- Directed by: A. M. Nandakumar
- Produced by: J. Mahalakshmi
- Starring: Gajesh Dimple Chopade Akhil
- Cinematography: K. V. Suresh
- Edited by: Suresh Urs
- Music by: Kannan
- Production company: Rajarathinam Films
- Release date: 31 October 2014;
- Country: India
- Language: Tamil

= Kalkandu =

2014 Indian film by A. M. Nandakumar

Kalkandu (lit. 'Rock candy') is a 2014 Indian Tamil film written and directed by A. M. Nandakumar. The film features Gajesh and Dimple Chopade in the lead roles, and was released in October 2014.

== Plot synopsis ==
A demanding father pressures his son into attending medical school, despite his protestations that he does not wish to study medicine. However, due to a mix up at the admissions office, the man's life changes forever.

==Cast==

- Gajesh as Karthik
- Dimple Chopade as Karthika
- Akhil as Vignesh
- Ganja Karuppu as Azhappan
- Manobala as Principal Kamalnath
- Swaminathan as Ramanathan
- Nancy Jennifer as Porkodi
- T. P. Gajendran as Doctor
- Sriranjani
- Mayilswamy
- Mahanadi Shankar
- Muthuraman
- Bonda Mani

==Production==
A. M. Nandakumar first approached Vimal to feature in the lead role, but was discouraged by the actor's salary request. The film later gained media attention prior to release, owing to the lead actor Gajesh's debut. He is the son of Anand Babu and grandson of comedian Nagesh. Following the appearance of Nagesh's animation in Kochadaiiyaan (2014), the director insisted on having a sequence in his film, where all three generations of the family appear in one scene through computer imagery.
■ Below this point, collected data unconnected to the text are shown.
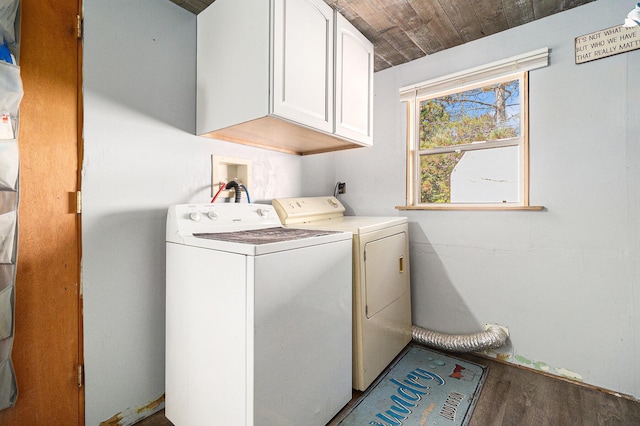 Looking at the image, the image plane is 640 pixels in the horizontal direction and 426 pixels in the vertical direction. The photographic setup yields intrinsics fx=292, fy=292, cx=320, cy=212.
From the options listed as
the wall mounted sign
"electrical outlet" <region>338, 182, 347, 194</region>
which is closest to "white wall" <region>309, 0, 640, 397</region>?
the wall mounted sign

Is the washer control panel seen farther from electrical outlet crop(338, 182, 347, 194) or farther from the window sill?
the window sill

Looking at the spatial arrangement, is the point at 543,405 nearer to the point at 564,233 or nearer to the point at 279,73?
the point at 564,233

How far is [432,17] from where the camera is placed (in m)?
1.87

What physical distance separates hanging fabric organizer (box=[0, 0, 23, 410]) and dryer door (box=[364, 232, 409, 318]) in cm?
160

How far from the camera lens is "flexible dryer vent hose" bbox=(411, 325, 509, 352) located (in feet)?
6.57

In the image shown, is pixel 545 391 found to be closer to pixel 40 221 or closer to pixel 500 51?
pixel 500 51

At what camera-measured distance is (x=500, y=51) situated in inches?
80.5

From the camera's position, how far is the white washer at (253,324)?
3.71 feet

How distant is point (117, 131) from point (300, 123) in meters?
0.92

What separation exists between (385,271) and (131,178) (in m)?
1.59

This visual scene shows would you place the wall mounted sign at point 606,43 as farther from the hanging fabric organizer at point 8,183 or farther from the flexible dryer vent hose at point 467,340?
the hanging fabric organizer at point 8,183

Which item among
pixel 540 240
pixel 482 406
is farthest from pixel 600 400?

The film was shot mainly in Tamil Nadu, in places such as Karaikudi, Tiruchi and Kanyakumari.

==Release==
The film had a limited release across Tamil Nadu on 31 October 2014, owing to the presence of bigger budget films at the box office. It opened to mixed reviews with a critics noting the film "is the kind of story that Tamil cinema had beaten to death in the 90s." Another reviewer noted that the film had a dated feel and called it "excruciatingly long".